**Aim of the task**:
Type the data below again exactly. Omit all pictures.

**The data**:
--------------------
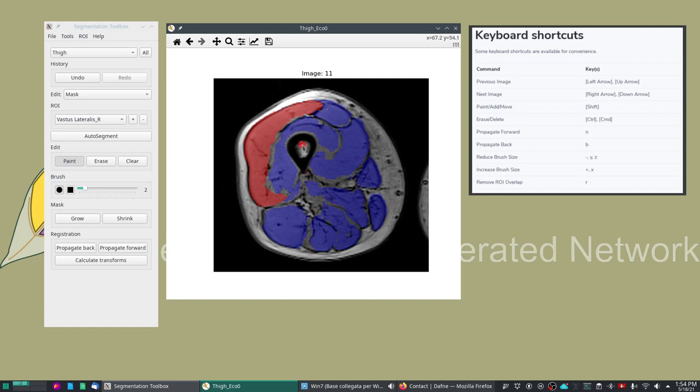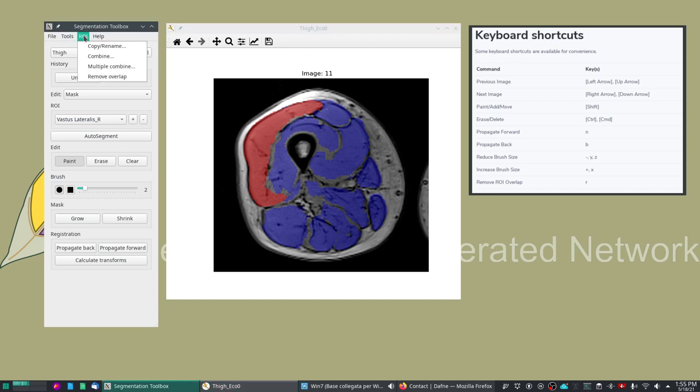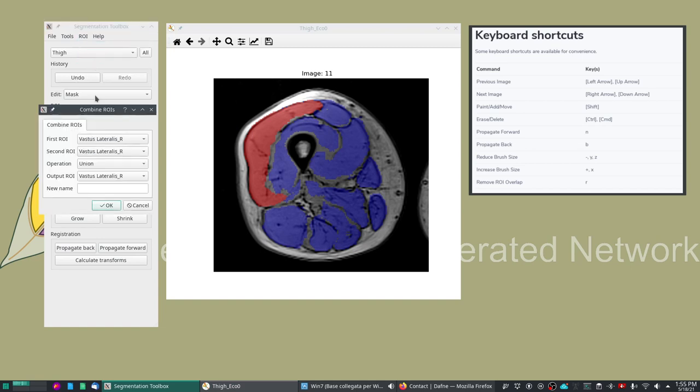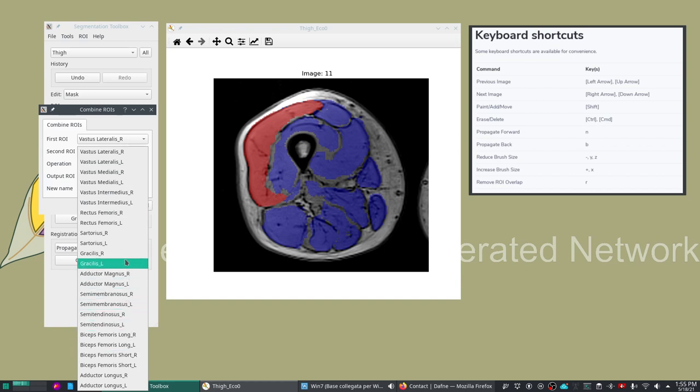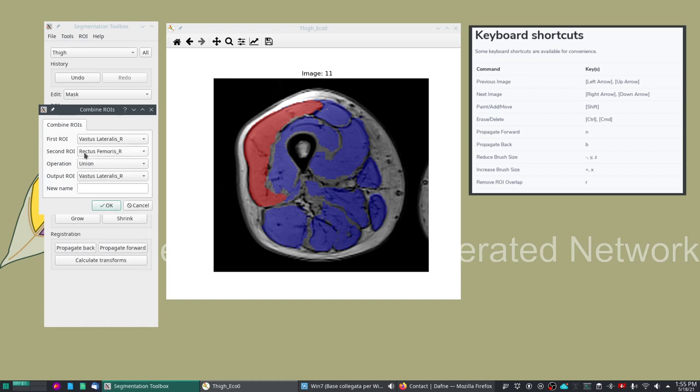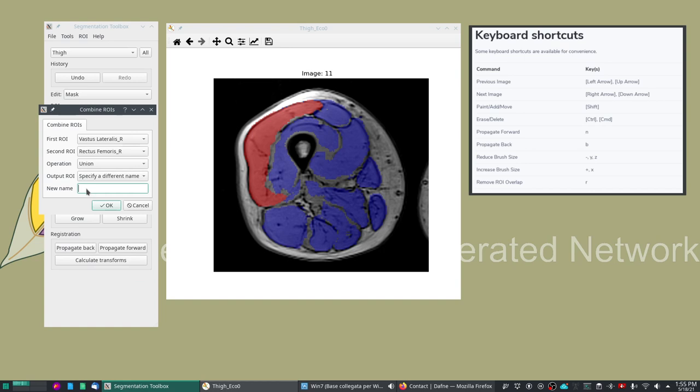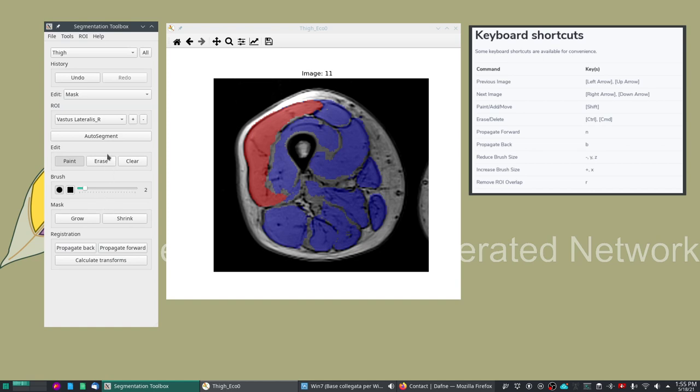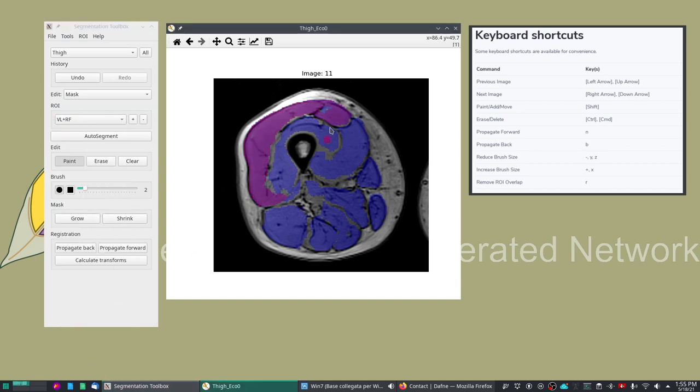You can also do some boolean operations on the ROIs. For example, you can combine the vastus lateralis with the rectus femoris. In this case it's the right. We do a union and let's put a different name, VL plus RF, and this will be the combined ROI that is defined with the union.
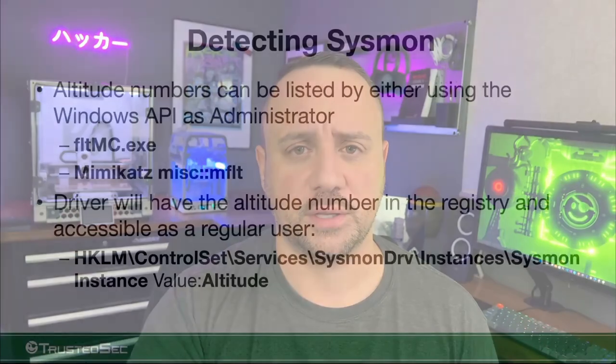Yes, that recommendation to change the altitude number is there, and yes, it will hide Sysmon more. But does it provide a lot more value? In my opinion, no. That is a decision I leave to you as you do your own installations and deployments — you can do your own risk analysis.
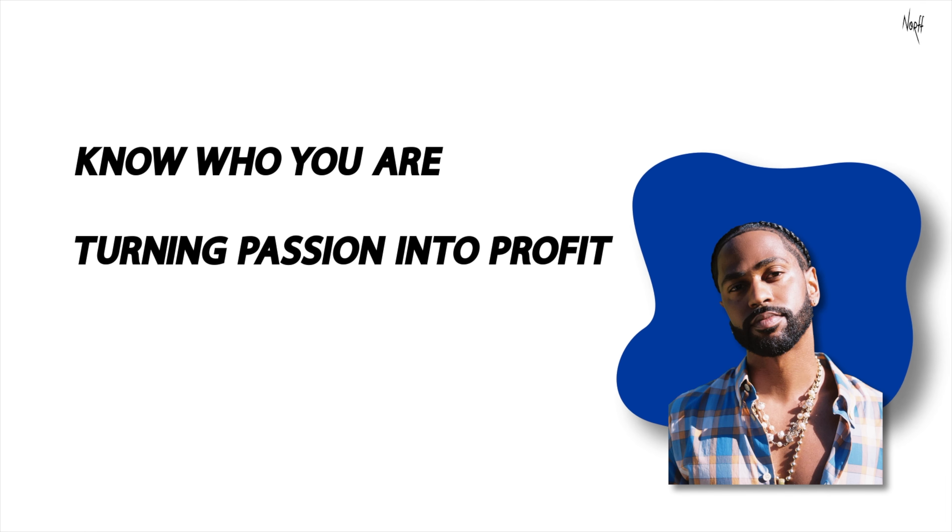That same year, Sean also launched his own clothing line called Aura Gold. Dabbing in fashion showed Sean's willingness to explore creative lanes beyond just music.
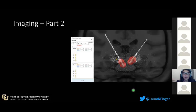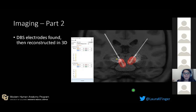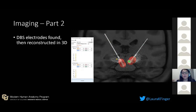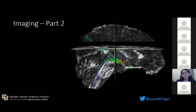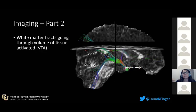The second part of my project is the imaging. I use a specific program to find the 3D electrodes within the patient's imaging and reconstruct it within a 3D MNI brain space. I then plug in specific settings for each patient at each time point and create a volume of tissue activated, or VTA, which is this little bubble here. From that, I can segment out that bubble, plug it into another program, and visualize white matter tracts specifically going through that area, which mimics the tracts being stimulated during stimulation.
--------------------
**Answer for the task**:
You can also do some boolean operations on the ROIs. For example, you can combine the vastus lateralis with the rectus femoris. In this case it's the right. We do a union and let's put a different name, VL plus RF, and this will be the combined ROI that is defined with the union.
Yes, that recommendation to change the altitude number is there, and yes, it will hide Sysmon more. But does it provide a lot more value? In my opinion, no. That is a decision I leave to you as you do your own installations and deployments — you can do your own risk analysis.
That same year, Sean also launched his own clothing line called Aura Gold. Dabbing in fashion showed Sean's willingness to explore creative lanes beyond just music.
The second part of my project is the imaging. I use a specific program to find the 3D electrodes within the patient's imaging and reconstruct it within a 3D MNI brain space. I then plug in specific settings for each patient at each time point and create a volume of tissue activated, or VTA, which is this little bubble here. From that, I can segment out that bubble, plug it into another program, and visualize white matter tracts specifically going through that area, which mimics the tracts being stimulated during stimulation.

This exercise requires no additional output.